The word event must be used by Guizot in a less positive and accurate way than it usually is—in a wide, uncertain, elastic sense that it never bears; otherwise, it does not properly define the meaning of the word civilization at all. Civilization is not an event, it is a series, a chain of events linked more or less logically together and brought about by the inter-action of ideas which are often themselves very complex. There is a continual bringing to birth of further ideas and events. The result is sometimes incessant movement, sometimes stagnation. In either case, civilization is not an event, but an assemblage of events and ideas, a state in which a human society subsists, an environment with which it has managed to surround itself, which is created by it, emanates from it, and in turn reacts on it.
This state is universal in a sense in which an event never is. It admits of many variations which it could not survive if it were merely an event. Further, it is quite independent of all forms of government; it makes as much progress under a despotism as under the freest democracy, and it does not cease to exist when the conditions of political life are modified or even absolutely changed by civil war.
This does not mean that we may more or less neglect the forms of government. They are intimately bound up with the health of the social organism; its prosperity is impaired or destroyed if the choice of government is bad, favoured and developed if the choice is good. But we are not concerned here with mere questions of prosperity. Our subject is more serious. It deals with the very existence of peoples and of civilization; and civilization has to do with certain elemental conditions which are independent of politics, and have to look far deeper for the motive-forces that bring them into being, direct, and expand them, make them fruitful or barren and, in a word, mould their whole life. In face of such root-questions as these, considerations of government, prosperity, and misery naturally take a second place. The first place is always and everywhere held by the question “to be or not to be,” which is as supreme for a people as for an individual. As Guizot does not seem to have realized this, civilization is to him not a state or an environment, but an event; and he finds its generating principle in another event, of a purely political character.
If we open his eloquent and famous book, we shall come upon a mass of hypotheses calculated to set his leading idea into relief. After mentioning a certain number of situations to which human societies might come, the author asks “whether common instinct would recognize in these the conditions under which a people civilizes itself, in the natural sense of the word.”
The first hypothesis is as follows: “Consider a people whose external life is easy and luxurious. It pays few taxes, and is in no distress. Justice is fairly administered between man and man. In fact, its material and moral life is carefully kept in a state of inertia, of torpor, I will not say of oppression, because there is no feeling of this, but at any rate of repression. The case is not unexampled. There have been a large number of little aristocratic republics, where the subjects have been treated in this way, like sheep, well looked after and, in a material sense, happy, but without any intellectual or moral activity. Is this civilization? And is such a people civilizing itself?”

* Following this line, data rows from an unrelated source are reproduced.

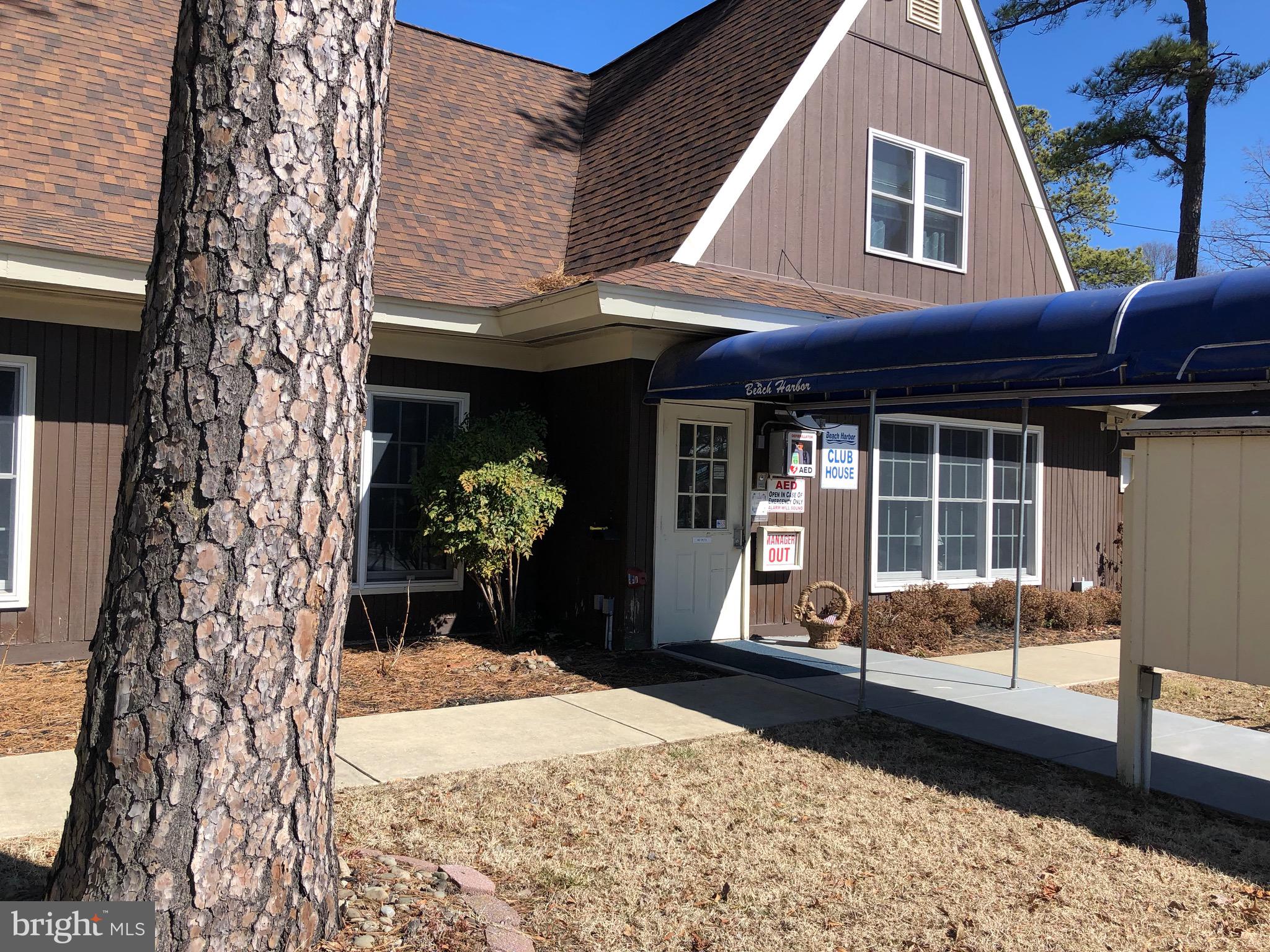 111 Saddler Road, Unit 46F Grasonville, MD 21638 - Photo 19 of 22 a house view with a outdoor space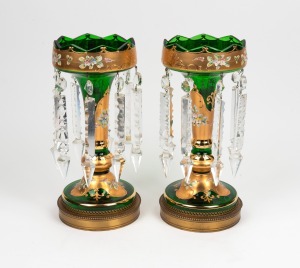 A pair of Bohemian green glass lustre lamps&nbsp;with enamel and gilt overlay, gilt metal bases and crystal drops, 20th century, 33cm high
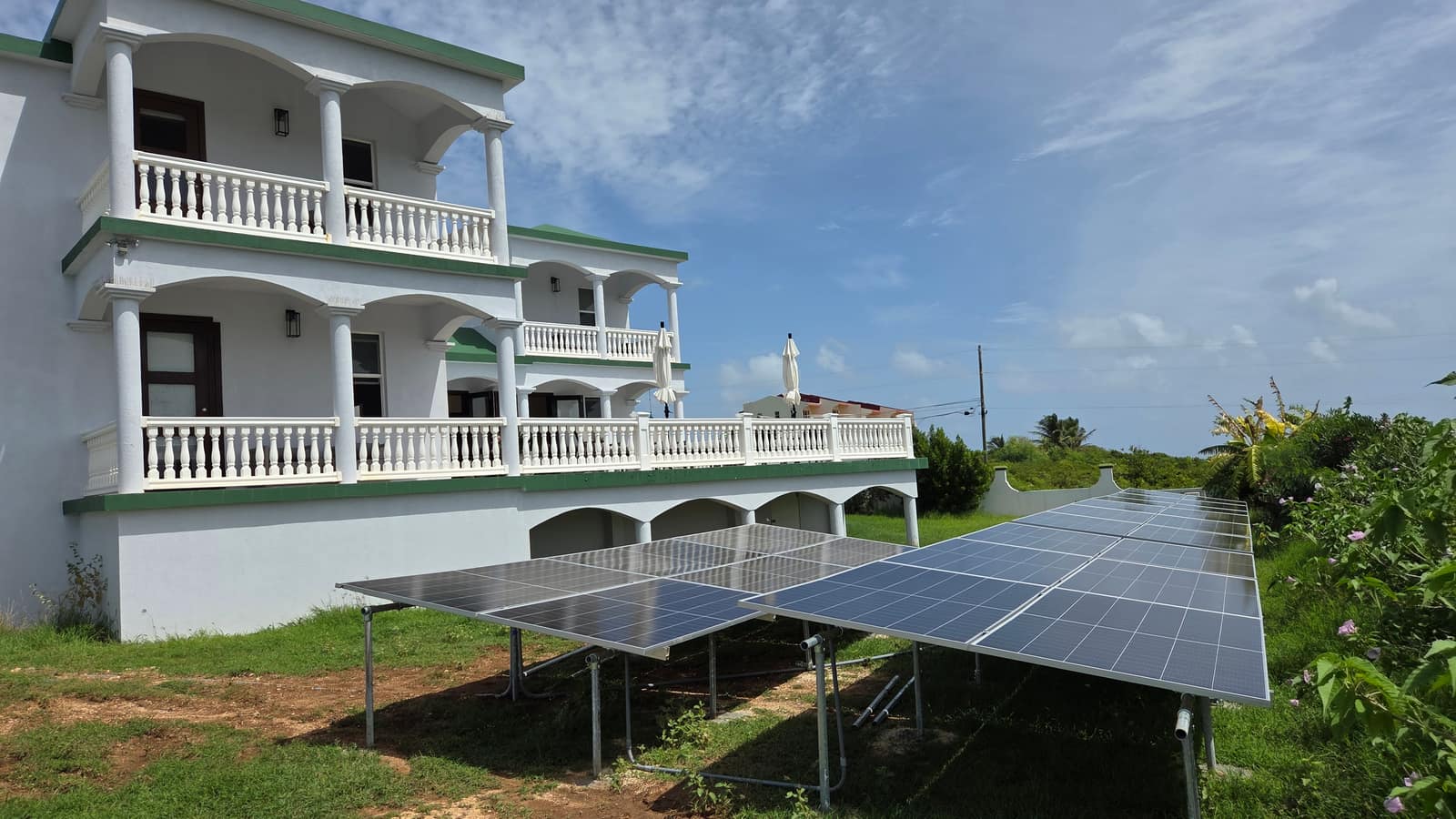 Ground-mounted solar array in the garden of a Caribbean villa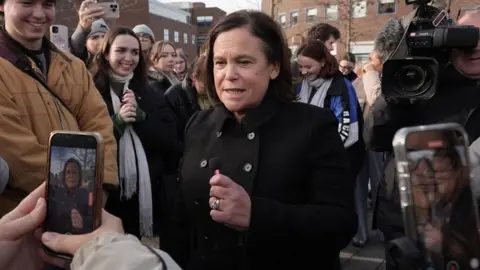 PA Media Mary Lou McDonald wearing a black button-up coat at an election event in Dublin.  Two people are taking pictures of her with their phones while a cameraman is behind her. 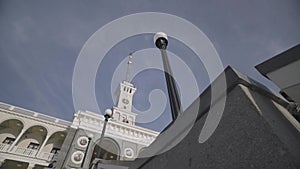 Beautiful restored building and a street lamp on blue sky background. Action. Bottom view of an antique church and a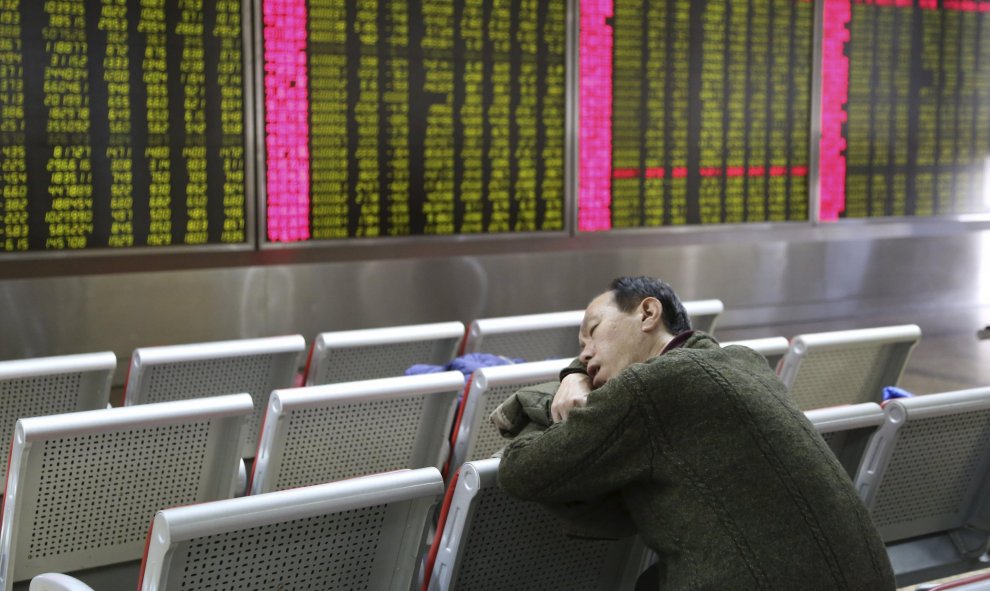Un inversor duerme frente a la pantalla que muestra información sobre las acciones en una oficina de bolsa en Pekín. EFE/How Hwee Young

I do not know whether it is actually civilizing itself; but certainly the people of whom he speaks might be very “civilized.” Otherwise, we should have to rank among savage tribes or barbarians all the aristocratic republics, of ancient and modern times, which Guizot confessedly includes as instances of his hypothesis. The general instinct would certainly be offended by a method that forbids not only the Phœnicians, the Carthaginians, and the Spartans to enter the temple of civilization, but also the Venetians, the Genoese, the Pisans, and all the free Imperial cities of Germany, in a word all the powerful municipalities of the last few centuries. This conclusion seems in itself too violently paradoxical to be admitted by the common sense to which it appeals; but besides this, it has, I think, to face a still greater difficulty. These little aristocratic States which, owing to their form of government, Guizot refuses to accept as capable of civilization, have never, in most cases, possessed a special and unique culture. However powerful many of them may have been, they were in this respect assimilated to peoples who were differently governed, but very near them in race; they merely shared in a common civilization. Thus, though the Carthaginians and the Phœnicians were at a great distance from each other, they were nevertheless united by a similar form of culture, which had its prototype in Assyria. The Italian republics took part in the movement of ideas and opinions which were dominant in the neighbouring monarchies. The Imperial towns of Swabia and Thuringia were quite independent politically, but were otherwise wholly within the sweep of the general progress or decadence of the German race. Hence while Guizot is distributing his orders of merit among the nations according to their degree of political liberty and their forms of government, he is really making cleavages, within races, that he cannot justify, and assuming differences that do not exist. A more detailed discussion of the point would hardly be in place here, and I pass on. If I did open such an argument, I should begin (and rightly I think) by refusing to admit that Pisa, Genoa, Venice, and the rest were in any way inferior to towns such as Milan, Naples, and Rome.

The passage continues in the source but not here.